> _Extracted data_:
--- START ---

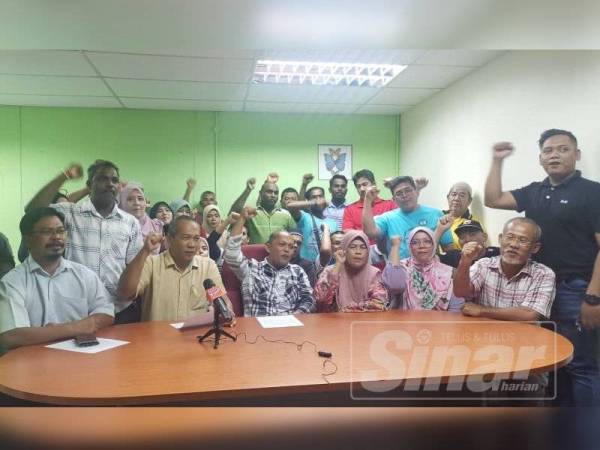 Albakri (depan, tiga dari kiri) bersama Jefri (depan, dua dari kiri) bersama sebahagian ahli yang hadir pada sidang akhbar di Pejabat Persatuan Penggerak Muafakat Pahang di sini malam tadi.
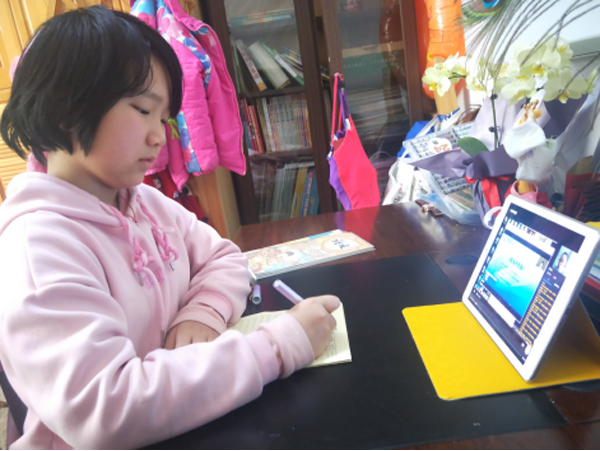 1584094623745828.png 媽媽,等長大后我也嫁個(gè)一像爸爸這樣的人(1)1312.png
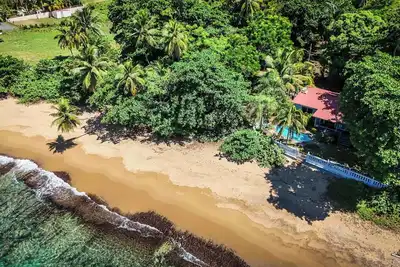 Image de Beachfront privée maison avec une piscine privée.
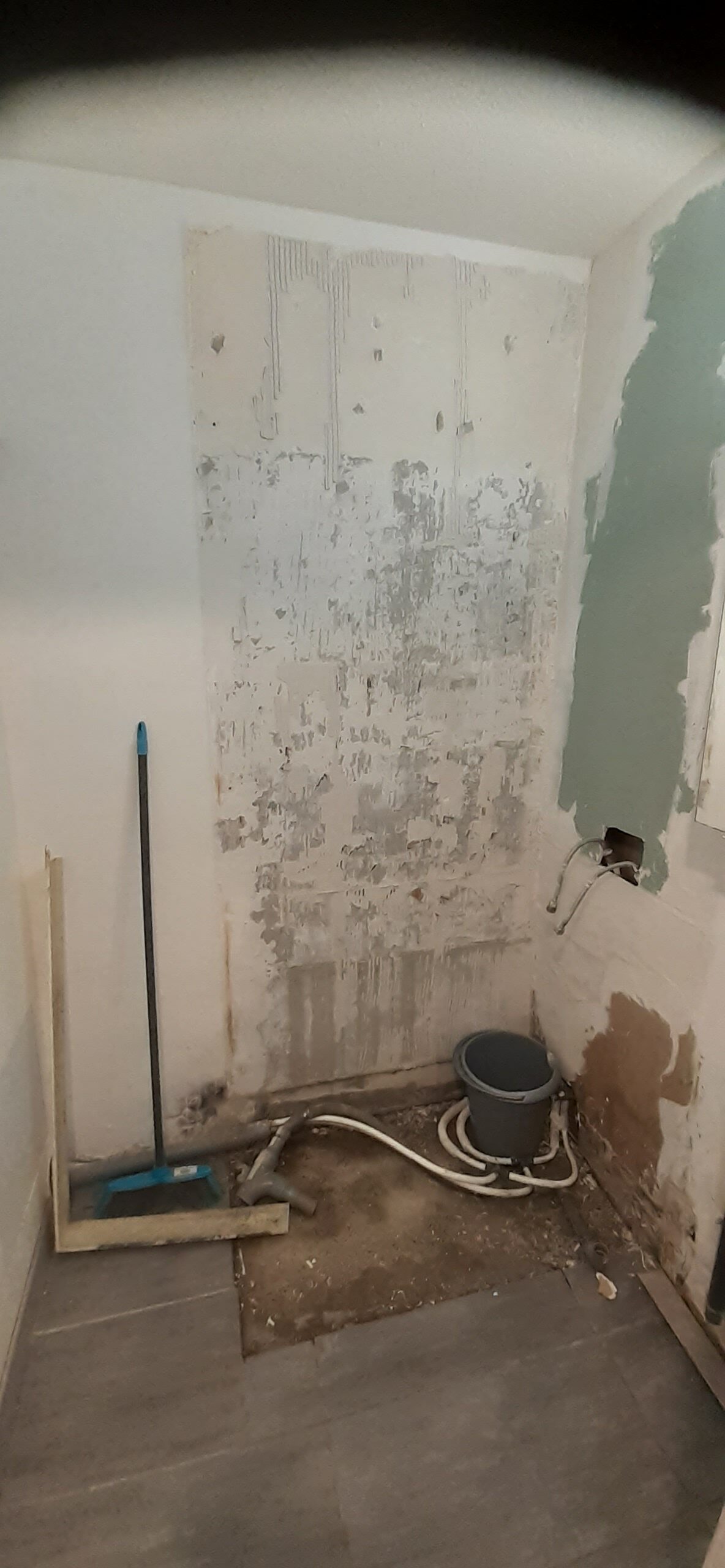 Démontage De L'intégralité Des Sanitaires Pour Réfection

--- END ---
--- START ---

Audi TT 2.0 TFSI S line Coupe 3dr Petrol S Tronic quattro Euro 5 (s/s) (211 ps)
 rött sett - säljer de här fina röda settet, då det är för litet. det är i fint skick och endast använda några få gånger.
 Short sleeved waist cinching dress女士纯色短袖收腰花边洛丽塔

--- END ---
--- START ---

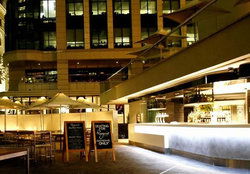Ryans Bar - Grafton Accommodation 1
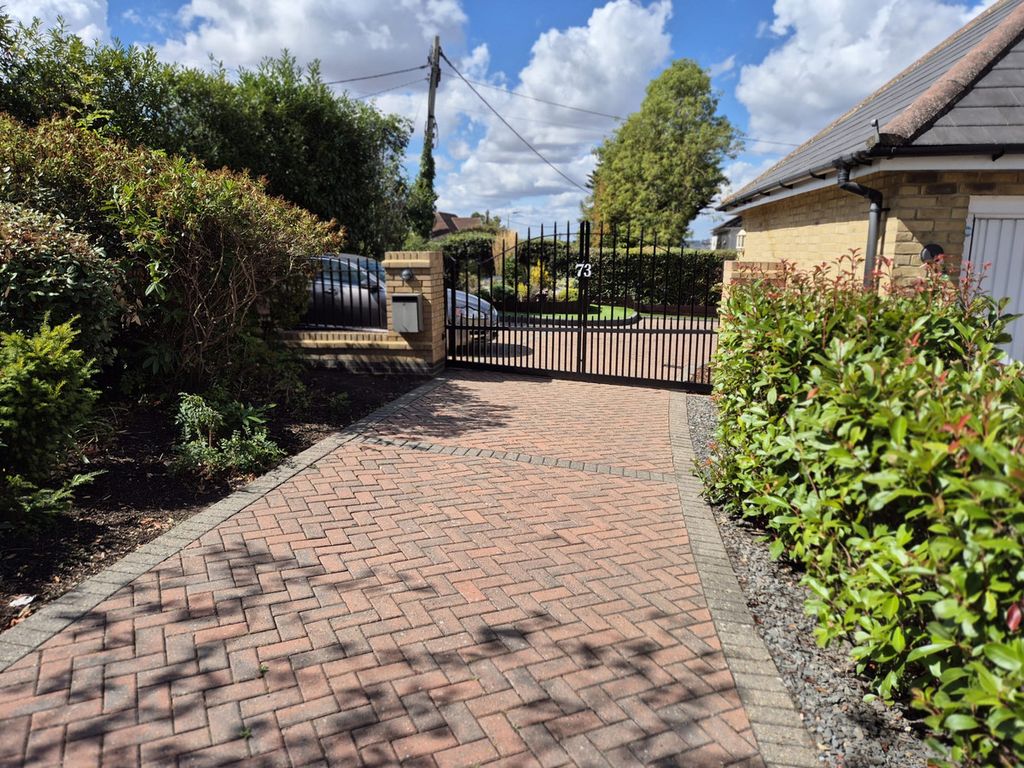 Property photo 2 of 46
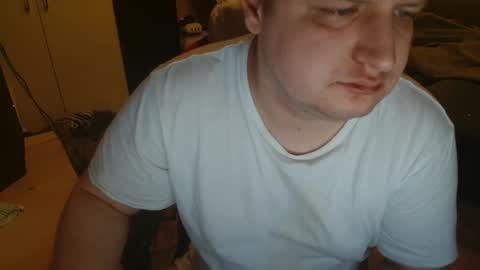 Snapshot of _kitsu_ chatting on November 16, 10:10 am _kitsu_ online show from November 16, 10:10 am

--- END ---

> _Your assignment_: Above are some records; extract exactly the lines from the one containing "15840946237458" through the one containing "Démontage De L'intégralité" and drop the pictures.

> _Your response_:
 1584094623745828.png 媽媽,等長大后我也嫁個(gè)一像爸爸這樣的人(1)1312.png
 Image de Beachfront privée maison avec une piscine privée.
 Démontage De L'intégralité Des Sanitaires Pour Réfection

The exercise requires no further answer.